Mr. BERGE. The Postal Service will pay the rent.

Mr. CONSTANDY. But based on information that you give them?
Mr. BERGE. That is correct, sir.

Mr. CONSTANDY. If a local postmaster has the problem of getting an air-conditioning unit repaired, and it is under $2,000, I am trying to see how he will end up with you if there need be a reduction in the rent because of the failure of the owner to provide that maintenance which he contracted to provide; does it not come back to you if it is under $2,000? Mr. BERGE.

That is correct. In that type of situation, we would have to advise the Postal Service to withhold the rental.

Mr. CONSTANDY. You will be dealing with the postmasters, even on things under $2,000?

Mr. BERGE. In the illustration you gave where the lessor will not do it, and he is obligated to, yes, we would have to, and if the lessor refuses to do it, to do this minor repair, or repair the air-conditioning unit, and if he refuses to do it, yes, the Corps of Engineers would have to advise him that it was his responsibility, and we will withhold rent, that is correct.

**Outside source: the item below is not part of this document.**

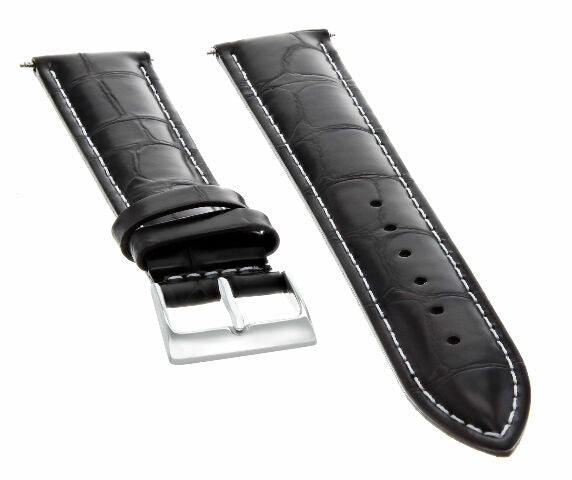 17-18-19-20-21-22-23-24MM LEATHER WATCH BAND STRAP FOR CITIZEN ECO DRIVE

Mr. CONSTANDY. Are you aware at times an employee of the U.S. Government in the Post Office Department has been employed at the same time by the owner of the building for the maintenance ?

Mr. BERGE. I was not aware of that, sir; no.
Mr. CONSTANDY. How does that concept strike you?
Mr. BERGE. Where the Postal employee was

Mr. CONSTANDY. Was also an employee of the owner of the building charged with the responsibility of resolving minor maintenance problems. Mr. BERGE. Well, we do not operate that way, I will say that.

. Mr. CONSTANDY. I am only bringing it up to suggest that you are undertaking something, the ramifications of which have not really been clear to you. I will read you from an internal audit report of the Post Office Department dated July 19, 1969. It is No. 846, and it is an audit of the St. Louis region.

One section reads, under the heading conflict of interest, which is a term a person could use for such a thing:

An apparent conflict of interest exists where Post Office maintenance employee is also part time maintenance employee of the lessor. Postal Manual 742.621A states that an employee shall not engage in outside employment or other outside activity not compatible with the full and proper discharge of the duties and responsibilities of the Government employment or otherwise prohibited by the law. The Post Office maintenance employee-

I do not think it is necessary to mention the name of the place, Mr. Chairmanwas a part time employee of the building lessor.

The Postal employee's basic duties included maintenance and cleaning of the building. As part time employee of the lessor, he made necessary repairs which were the lessor's responsibility under the lease provisions. We believe that the region should review the circumstances cited above, and a possible conflict of interest. If ruled there was no conflict of interest, the determination should be made a matter of record.

Under the heading recommendation: We recommend that the region review the circumstances cited above to resolve the apparent conflict of interest.